One of the "gimme's" at the O'Reilly HealthFoo event was a free e-Book (from O'Reilly of course). Since I no longer code HTML pages for my day job, I'm a bit behind on the current state of affairs with HTML 5. So, I picked out a likely sounding title from the list yesterday. Today I downloaded, and just finished reading Mark Pilgrim's HTML5: Up and Running.
As tech-books go, this one won't make the average uber-HTML-geek happy, but it fit my profile just fine. The typical tech-book is either reference, or tutorial (some do both). This book didn't fit either of those patterns. It provided some interesting history of HTML at the beginning. The biggest focus of the book was describing some key features of HTML5.

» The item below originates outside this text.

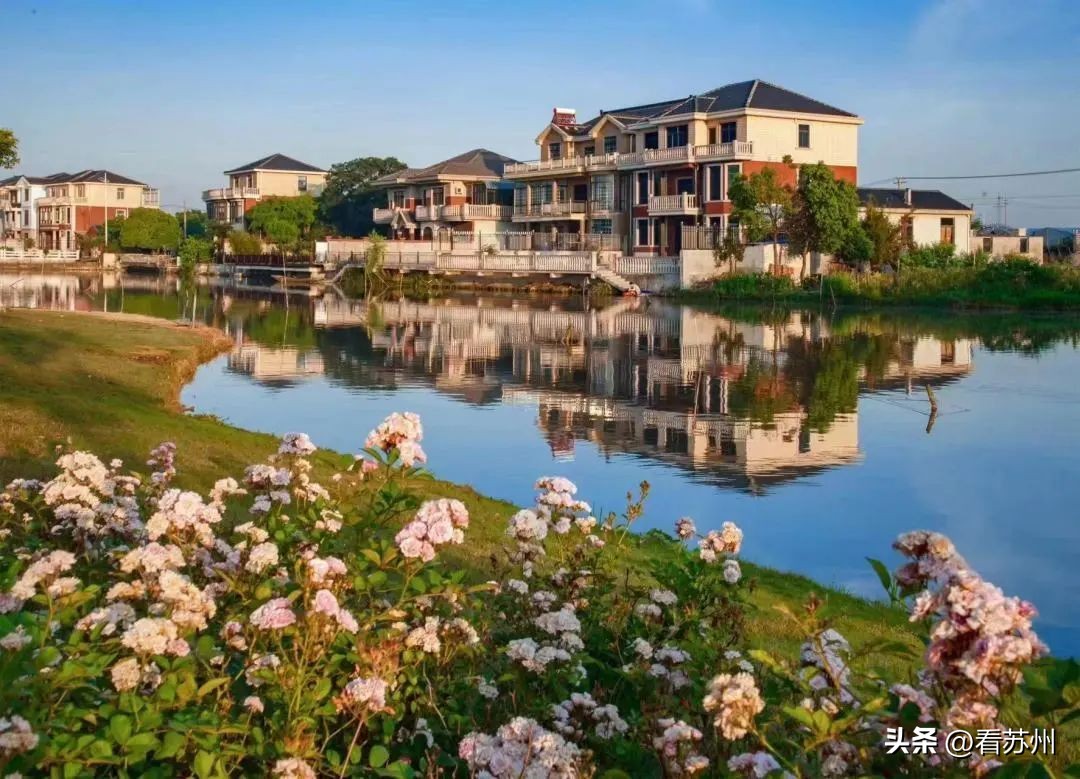 江苏地表水质优良率,太仓市规划环境影响评价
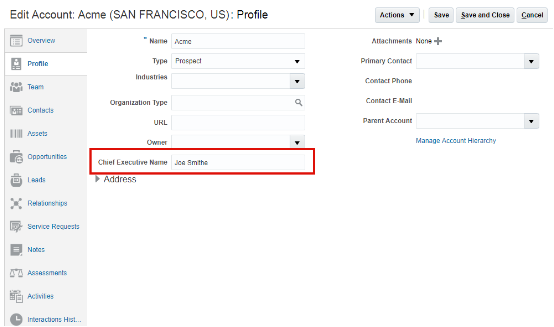 Edit Account page with the Chief Executive Name field. The field appears in the Account region.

The key features Mark described were:
- Article Structure
- Video and Audio tags
- New Input Controls
- Offline Applications
- Local Storage
He describes quickly the benefits of each, support for them in common browsers, and enough about how they work that your boss could understand it. If you aren't an HTML uber-geek, this is a good place to get started, but don't expect to learn how to make wicked cool HTML 5 apps that run on tablets from this book. It just doesn't go to that level of detail.
Overall, its a good, quick overview of HTML 5.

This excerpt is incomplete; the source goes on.